Farmers' new auto insurance rating plan takes effect July 1, 2026, for both new and existing policyholders. The company says the plan carries robust discounts and improved coverage options, with the full discount schedule communicated to customers through direct notices and agent consultations before the effective date.

The auto plan uses the same SIS principles governing the homeowners approval: forward-looking risk data, updated actuarial assumptions, and transparent filing processes designed to allow faster regulatory review. For California drivers, the practical effect is that Farmers will price risk using current cost data rather than historical baselines that no longer reflect the state's elevated repair and claims environment.

The 22% Bundle Discount Explained

One of the most consumer-visible elements of the May 11 approval is the increase in the home-and-auto package discount, which rises from 15% to 22% for customers who carry both policies with Farmers. That 7-percentage-point increase applies to both new policies and existing bundled accounts. The company expects most bundled customers to see net rate reductions despite a 1.5% average increase on the homeowners side.

Behram Dinshaw, Farmers' president of personal lines, said the company "continues to see encouraging signs that the California insurance marketplace is strengthening" and called the expanded discount part of a broader effort to give consumers multiple ways to manage their total insurance cost.

The bundle discount takes full effect when the homeowners plan launches September 15, 2026.

Distressed Areas and Market Recovery

The CDI identifies certain ZIP codes as distressed markets where insurance availability has fallen below adequate levels, largely because of wildfire exposure concentrated in foothills, coastal ranges, and portions of Southern California. According to the California Department of Insurance, Farmers reports a nearly 10% year-over-year increase in new business in these communities, a trend the company expects to accelerate once the SIS-aligned plans are fully active.

Farmers has committed to adding several thousand new policies in distressed areas over two years, targeting 300,000 additional homeowners policyholders statewide. These figures come at a time when the FAIR Plan, California's insurer of last resort, is showing early signs of stabilization: approximately 16,000 new residential policies were added in Q1 2026, a 2.4% quarterly increase, compared with 35,000 to 50,000 quarterly additions during the peak market stress period of 2024.
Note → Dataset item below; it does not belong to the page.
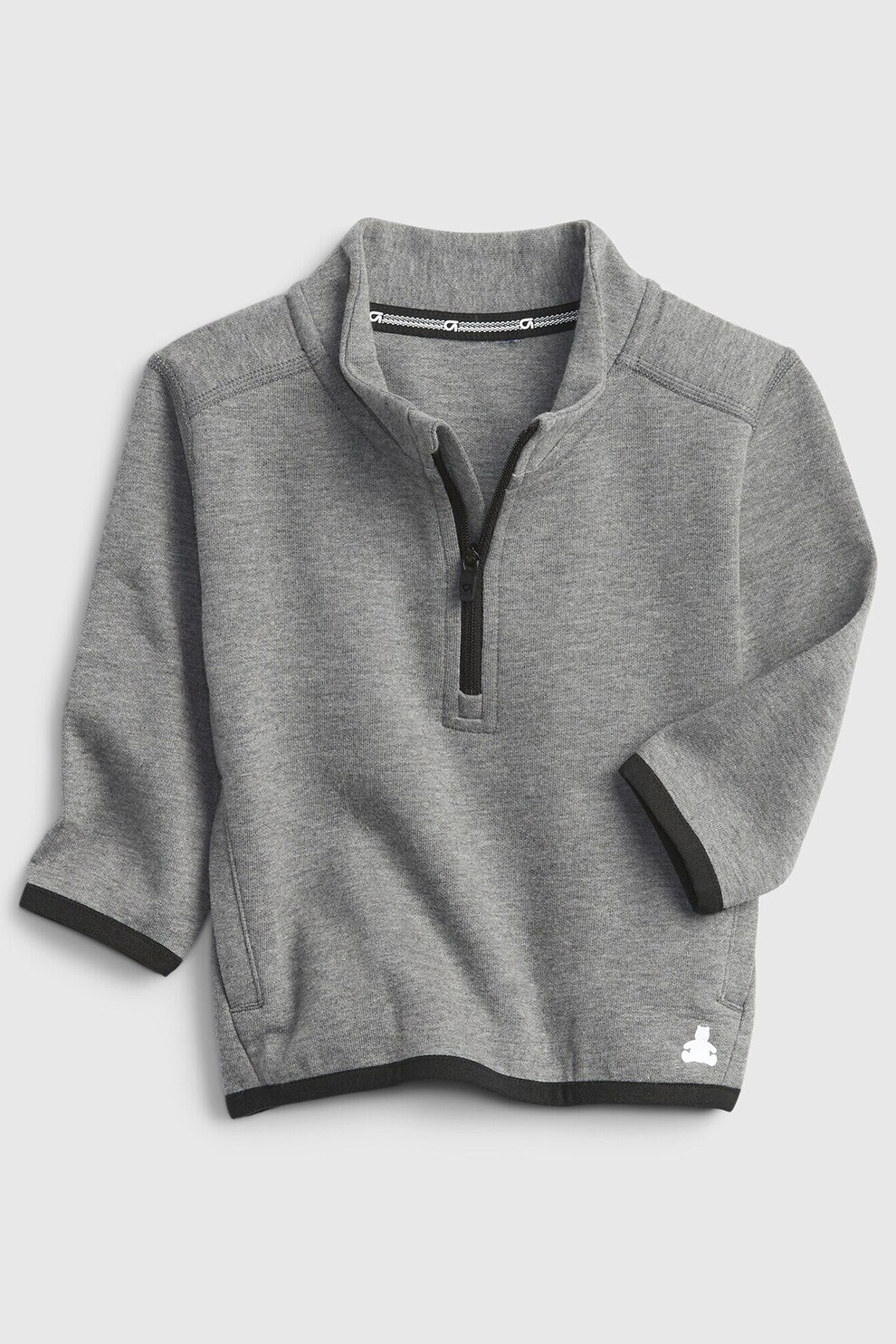 GAP, Bluza sport cu fenta cu fermoar, Gri melange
SIS Progress: Nine Carriers and Counting

Farmers joins a growing group of major carriers that have restructured California filings under the SIS. According to PR Newswire, Farmers is the ninth major insurer group to receive approval under the framework. Carriers now operating under the SIS include Travelers, Automobile Club of Southern California, Mercury, CSAA, USAA, Horace Mann, Pacific Specialty, and California Casualty. Each carrier has its own product mix, but the common element is access to catastrophe modeling and reinsurance cost recovery that SIS permits.

Commissioner Lara has described the strategy as the most significant modernization of California insurance regulation in more than three decades. The CDI's position is that giving carriers actuarially sound rate-setting tools is the mechanism that returns competition, capacity, and consumer choice to a market that lost several major participants between 2020 and 2024.